Glad he shed a tear, at least he is semi-human. I wish there was some drug we could give our H's so they would suddenly be able to openly verbalize what exactly is going on in their heads. I talk TOO much, I know, but it is hard for me to accept that they CAN'T talk about anything without dragging it out of them...
Sorry for you and the Ds. What is the plan for the session in 2 weeks? Will it involve the d's or just you and h??
(((Red))) I am sorry that T did not go well. Shedding a tear is a good thing though. It does show that he still has some feeling.
How old are the Ds?
Im still standin better than I ever did looking like a true survivor feeling like a little kid Im still standin after all this time and Im picking up the pieces of my life without you on my mind..
BBJ, the next session will be just H and me. It amazes me how he kind of just shrugs his shoulders and says he is done. I think the reason he is willing to just give up and I'm not has a lot to do with our parents. H's parents have been married 40some years, but have been miserable together as long as 23 years I have known them. I think they have pretty much been miserable all of H's life. He doesn't want to live that way and doesn't think we can be different. (that is just my thinking) My parents have been married 50 years. They don't have the perfect marriage either, but they really love each other.
Lola, the Ds are 10 and 15.
H tried calling me this evening. I didn't hear the phone and didn't see the missed call until 1 1/2 hours later. Sent H a text asking if he needed something. He said he had been at a store (sporting goods and I'm not the sporting goods type) and wanted to know if I needed anything. WTF?
R 23 years M 20 years Bomb June 2007 S Oct 2007 Ds 11 & 16 Ds and I moved out Aug. 2008
LMAO!!! Sorry, but I am wondering if your H and my H are remotely related!!!
It amazes me that when we do actually start to GAL, how they hate that!!!
That was my turning point, the 17 phone calls. I realized that the more I stopped calling HIM the more he called ME.

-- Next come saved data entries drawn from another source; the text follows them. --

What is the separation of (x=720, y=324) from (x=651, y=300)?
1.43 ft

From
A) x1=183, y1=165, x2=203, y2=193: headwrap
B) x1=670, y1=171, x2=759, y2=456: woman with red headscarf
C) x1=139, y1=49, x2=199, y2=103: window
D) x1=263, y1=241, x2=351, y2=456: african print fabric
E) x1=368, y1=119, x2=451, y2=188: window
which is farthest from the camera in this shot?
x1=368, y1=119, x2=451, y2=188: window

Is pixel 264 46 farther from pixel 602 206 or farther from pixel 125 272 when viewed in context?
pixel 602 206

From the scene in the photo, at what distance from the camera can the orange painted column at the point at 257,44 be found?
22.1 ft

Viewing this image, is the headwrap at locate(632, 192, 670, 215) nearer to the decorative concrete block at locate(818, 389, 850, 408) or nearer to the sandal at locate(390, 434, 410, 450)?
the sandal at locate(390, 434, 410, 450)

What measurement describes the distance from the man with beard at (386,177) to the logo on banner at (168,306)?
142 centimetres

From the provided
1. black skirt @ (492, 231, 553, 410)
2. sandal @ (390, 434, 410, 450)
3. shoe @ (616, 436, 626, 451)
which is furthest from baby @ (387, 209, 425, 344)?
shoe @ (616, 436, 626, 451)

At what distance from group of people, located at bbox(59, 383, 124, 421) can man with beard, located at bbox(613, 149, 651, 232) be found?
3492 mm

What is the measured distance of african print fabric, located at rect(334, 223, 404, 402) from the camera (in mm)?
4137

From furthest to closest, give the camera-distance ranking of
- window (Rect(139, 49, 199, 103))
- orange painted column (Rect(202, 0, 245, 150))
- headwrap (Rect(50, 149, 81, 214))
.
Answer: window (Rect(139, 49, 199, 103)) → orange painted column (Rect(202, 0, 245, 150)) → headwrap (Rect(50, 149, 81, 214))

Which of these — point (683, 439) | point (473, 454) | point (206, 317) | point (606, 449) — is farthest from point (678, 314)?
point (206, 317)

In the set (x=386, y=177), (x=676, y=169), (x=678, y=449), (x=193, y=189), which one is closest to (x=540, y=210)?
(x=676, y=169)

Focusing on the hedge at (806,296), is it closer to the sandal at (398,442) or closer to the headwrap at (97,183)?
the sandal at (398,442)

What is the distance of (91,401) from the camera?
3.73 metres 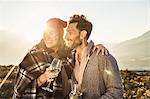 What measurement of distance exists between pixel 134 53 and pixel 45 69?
0.86m

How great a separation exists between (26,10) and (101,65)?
905 mm

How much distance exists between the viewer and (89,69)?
331 centimetres

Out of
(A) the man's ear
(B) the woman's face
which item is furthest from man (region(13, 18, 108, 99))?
(A) the man's ear

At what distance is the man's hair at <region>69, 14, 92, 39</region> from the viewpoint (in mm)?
3363

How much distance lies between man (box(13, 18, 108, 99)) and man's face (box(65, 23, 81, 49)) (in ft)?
0.16

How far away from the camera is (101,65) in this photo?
333cm

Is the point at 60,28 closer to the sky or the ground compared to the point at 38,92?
closer to the sky

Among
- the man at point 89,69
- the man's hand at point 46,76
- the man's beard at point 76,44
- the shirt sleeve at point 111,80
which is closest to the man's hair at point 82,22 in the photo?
the man at point 89,69

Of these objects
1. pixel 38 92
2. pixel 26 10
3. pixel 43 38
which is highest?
pixel 26 10

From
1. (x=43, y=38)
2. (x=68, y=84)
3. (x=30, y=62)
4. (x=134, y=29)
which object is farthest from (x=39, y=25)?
(x=134, y=29)

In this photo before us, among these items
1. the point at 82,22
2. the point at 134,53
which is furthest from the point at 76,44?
the point at 134,53

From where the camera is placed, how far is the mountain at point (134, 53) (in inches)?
134

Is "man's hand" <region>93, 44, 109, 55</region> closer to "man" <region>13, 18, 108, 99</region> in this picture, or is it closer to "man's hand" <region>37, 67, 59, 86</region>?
"man" <region>13, 18, 108, 99</region>

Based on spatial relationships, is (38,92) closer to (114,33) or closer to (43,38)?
(43,38) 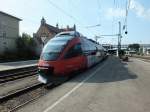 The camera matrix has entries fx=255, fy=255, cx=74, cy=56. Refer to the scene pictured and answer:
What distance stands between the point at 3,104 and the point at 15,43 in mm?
44541

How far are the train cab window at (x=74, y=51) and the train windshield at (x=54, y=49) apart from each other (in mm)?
636

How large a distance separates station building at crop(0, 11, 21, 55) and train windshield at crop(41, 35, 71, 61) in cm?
3084

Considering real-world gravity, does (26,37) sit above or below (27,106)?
above

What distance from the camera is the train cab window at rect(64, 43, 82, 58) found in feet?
56.4

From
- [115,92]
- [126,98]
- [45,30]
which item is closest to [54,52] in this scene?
[115,92]

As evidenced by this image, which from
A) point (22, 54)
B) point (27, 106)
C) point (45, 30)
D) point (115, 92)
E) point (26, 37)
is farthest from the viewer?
point (45, 30)

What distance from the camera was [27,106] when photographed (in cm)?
920

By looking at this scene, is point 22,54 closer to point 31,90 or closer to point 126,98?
point 31,90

Sounds like your H is doing the same!!!
Im still standin better than I ever did looking like a true survivor feeling like a little kid Im still standin after all this time and Im picking up the pieces of my life without you on my mind..
OMG, D15 last night asked, "Is Dad really doing all he can to try to work on things?" Wow, how do you answer that when you don't think he is? I told D that is something she would have to talk to him about. (I know she won't) I told her that I didn't want to speak for him or put words in his mouth. The night before I thought she was blaming me for everything. Maybe she is starting to piece things together. A friend of mine who's parents divorced when she was a kid told me she didn't get it at the time. Later on though she figured everything out.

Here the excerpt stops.